RECORDS FOR THE EXERCISE:
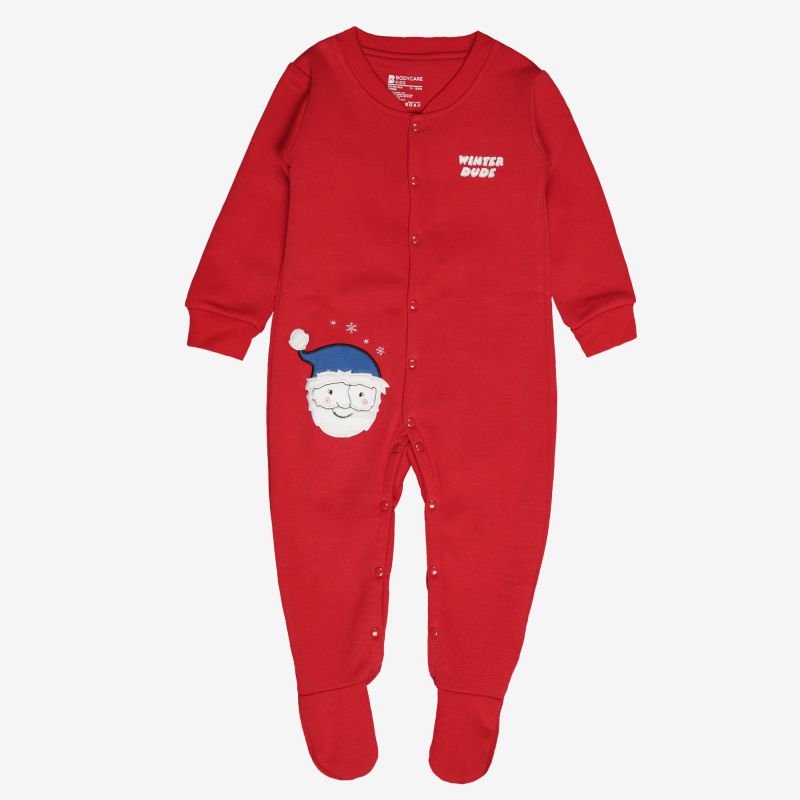 Bodycare Boys Romper Round Neck Full Sleeves Solid - Dark Red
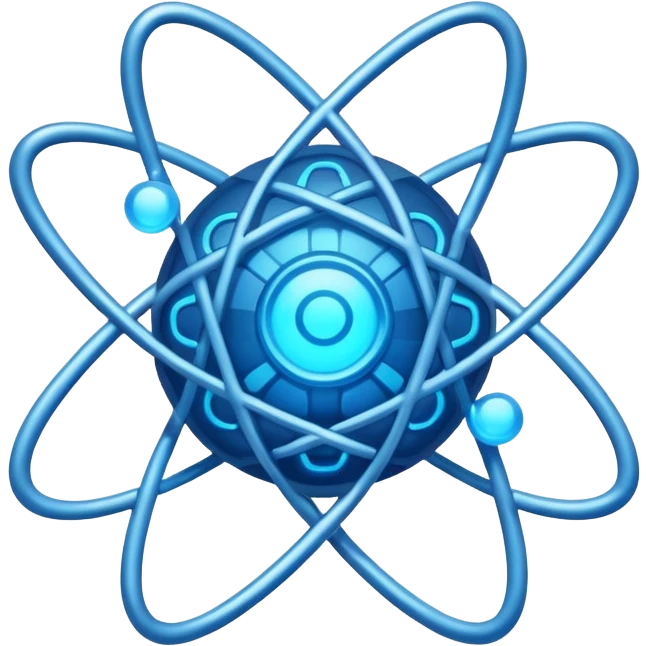 atomic nucleus with code symbols emoji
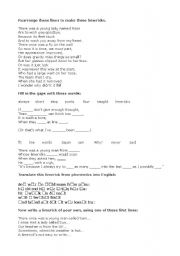 English Worksheet: Limericks worksheet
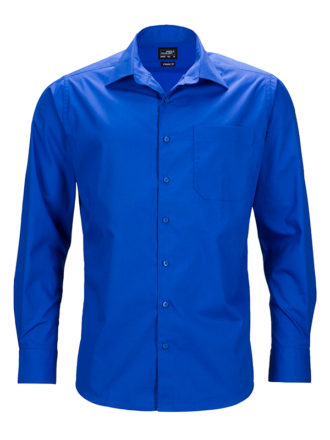 Mens Business Shirt Long Sleeved James & Nicholson - royal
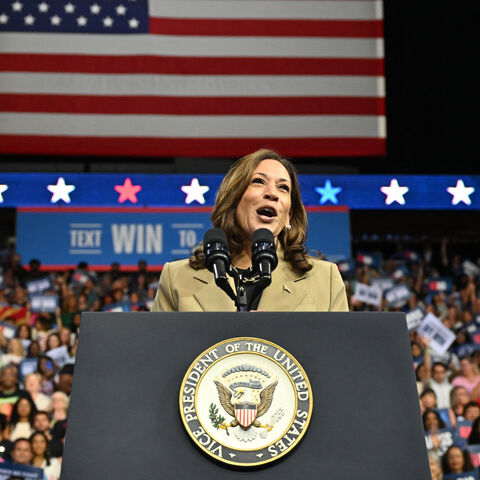 US Vice President and Democratic presidential candidate Kamala Harris speaks during a campaign event at Desert Diamond Arena in Glendale, Arizona, on Aug. 9, 2024. 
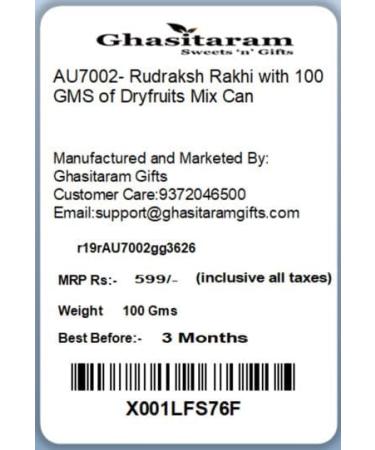 Ghasitaram Gifts Rakhi for Brother Rakhis Online AU7002- Rudraksh Rakhi with 100 GMS of Dryfruits Mix Can - Buy Online on GoSupps.com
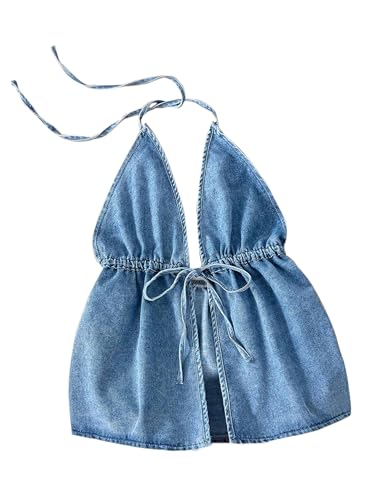 Remidoo Womens Denim Halter Top Self Tie Peplum Jean Sleeveless Crop Tank Tops Blue Small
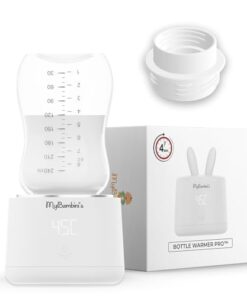 MyBambini's Draagbare babyfleswarmer - reisfleswarmer voor babymelk - draagbare kachel met USB - cadeau voor babydouche - compatibel met flessen met smalle hals, Dr. Brown's, Nanobebe, Nuby (wit)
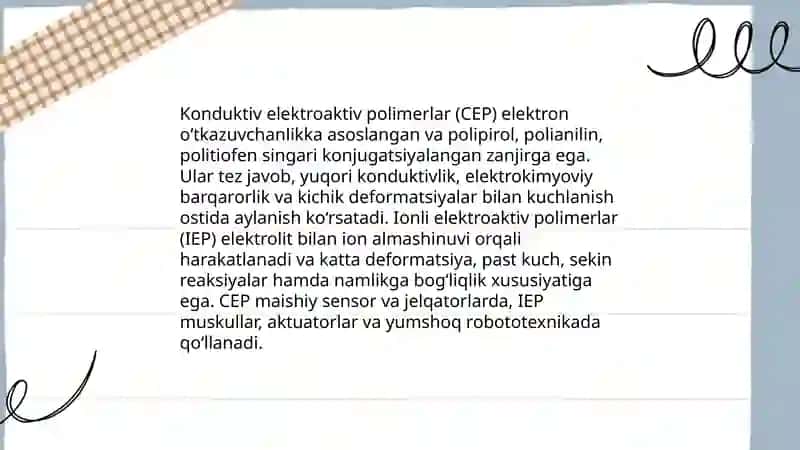 Elektroaktiv polimer matritsalar - xususiyatlari, xossalari va qo'llanish sohasi 4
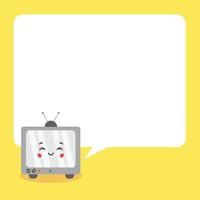 Cute TV with Speech Bubbles vector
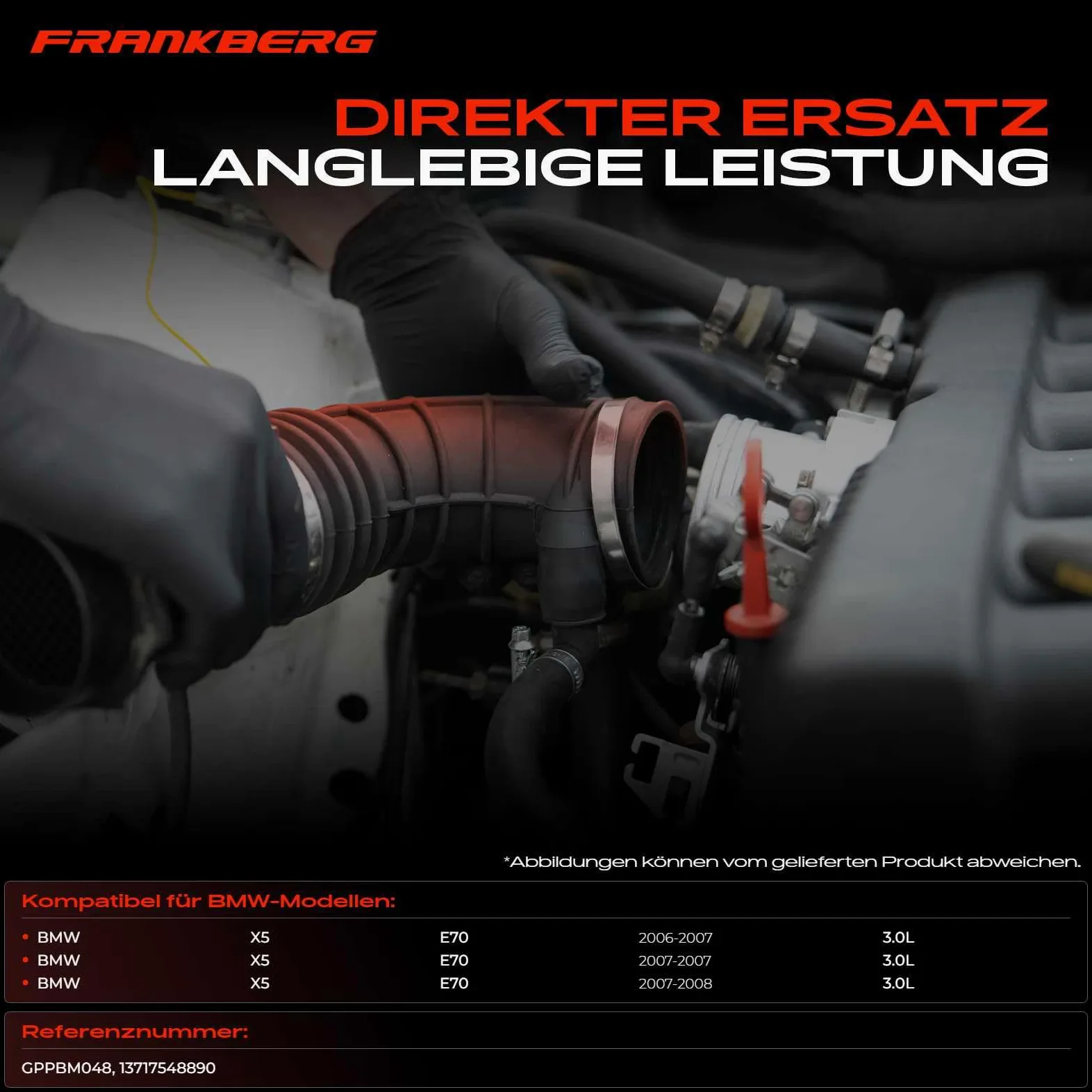 Frankberg Manguera de admisión, tubo de admisión, filtro de aire, gasolina | GPPBM048; Compatible con: X5 E70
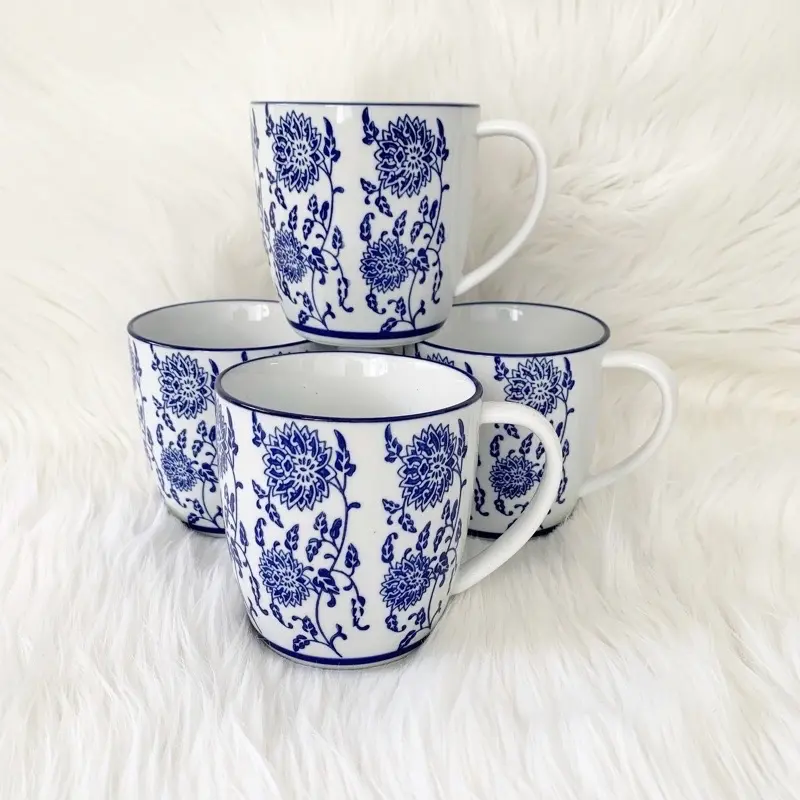 Gelas Keramik Biru Putih Kanzi Import/ Gelas Keramik Blue White Ceramic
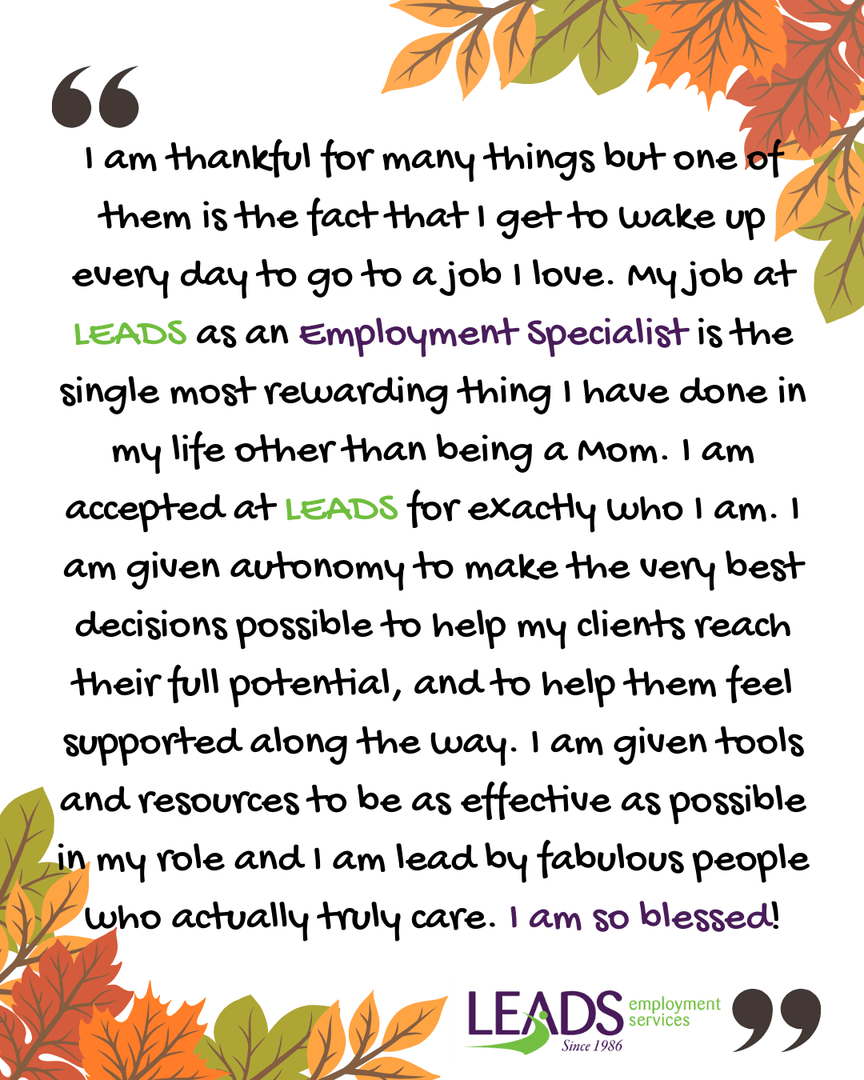 This Thanksgiving, one of our amazing ESs shared a heartfelt reflection— a powerful reminder of how our workplace makes a difference not just in our work, but in our lives.

We’re so grateful for the passion, dedication, and heart our team brings every single day.  💙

YOUR OBJECTIVE: Extract the lines beginning with the one that contains "Remidoo Womens Denim" and ending with the last line of the listing. Keep them exact and drop the pictures.

THE ANSWER:
 Remidoo Womens Denim Halter Top Self Tie Peplum Jean Sleeveless Crop Tank Tops Blue Small
 MyBambini's Draagbare babyfleswarmer - reisfleswarmer voor babymelk - draagbare kachel met USB - cadeau voor babydouche - compatibel met flessen met smalle hals, Dr. Brown's, Nanobebe, Nuby (wit)
 Elektroaktiv polimer matritsalar - xususiyatlari, xossalari va qo'llanish sohasi 4
 Cute TV with Speech Bubbles vector
 Frankberg Manguera de admisión, tubo de admisión, filtro de aire, gasolina | GPPBM048; Compatible con: X5 E70
 Gelas Keramik Biru Putih Kanzi Import/ Gelas Keramik Blue White Ceramic
 This Thanksgiving, one of our amazing ESs shared a heartfelt reflection— a powerful reminder of how our workplace makes a difference not just in our work, but in our lives.

We’re so grateful for the passion, dedication, and heart our team brings every single day.  💙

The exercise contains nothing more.